### The problem
Apart from the pictures, reproduce the data below exactly as it stands.

======== Input data

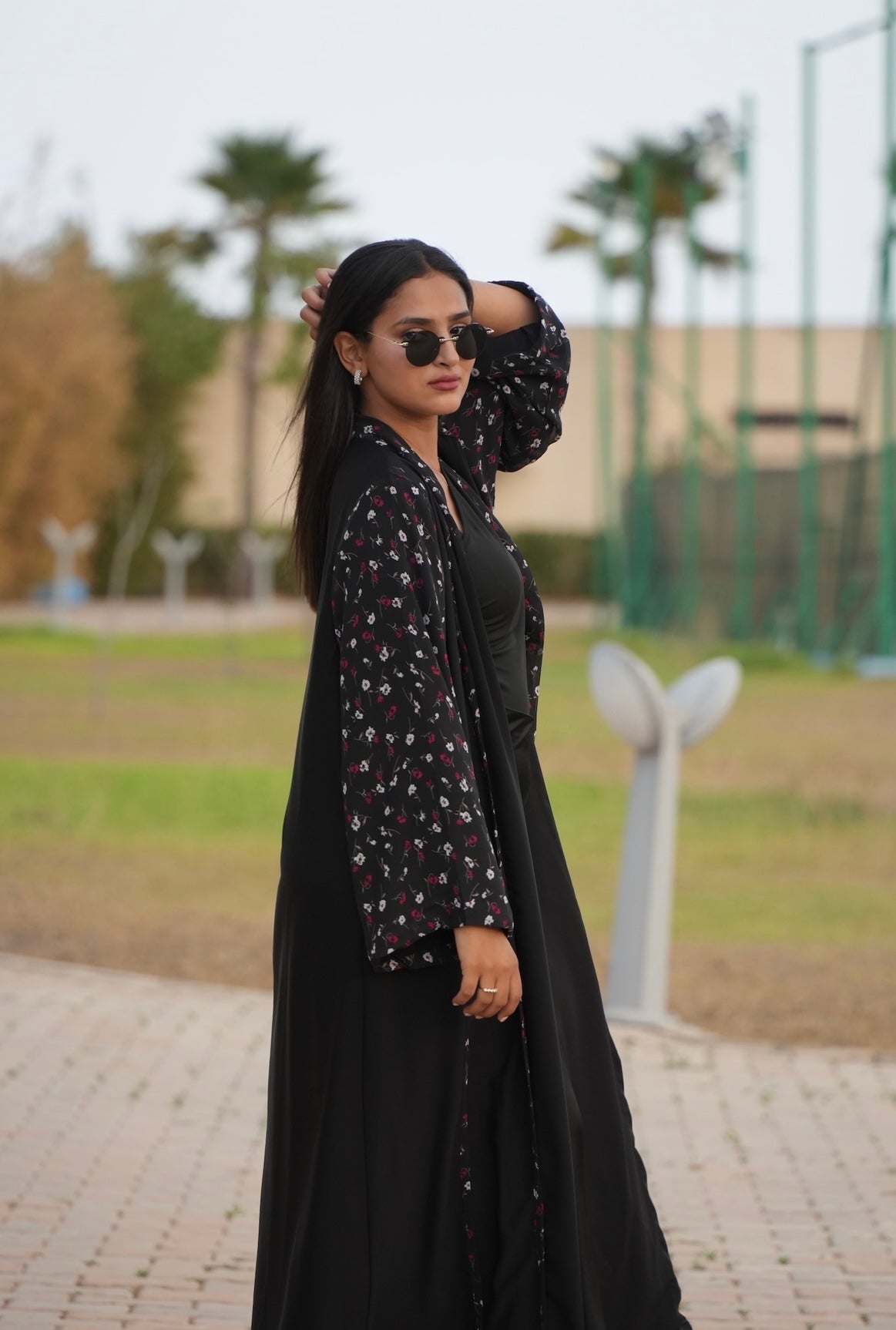 Fallen flowers abaya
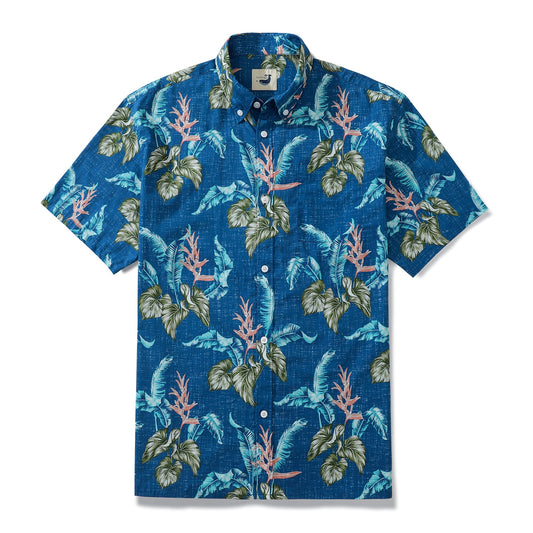 Dark Blue Banana Leaf Taro Leaf Hand Painted Floral 100% Cotton Men's Button-Down Shirt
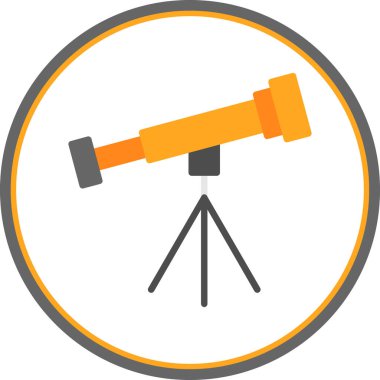 Basit Teleskop simgesi, vektör illüstrasyonu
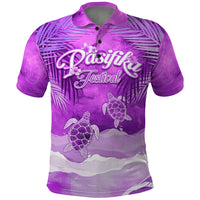 Personalised Pasifika Festival Polo Shirt Violet Tropical Turtle LT05 Violet - Polynesian Pride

================

### Response below
 Fallen flowers abaya
 Dark Blue Banana Leaf Taro Leaf Hand Painted Floral 100% Cotton Men's Button-Down Shirt
 Basit Teleskop simgesi, vektör illüstrasyonu
 Personalised Pasifika Festival Polo Shirt Violet Tropical Turtle LT05 Violet - Polynesian Pride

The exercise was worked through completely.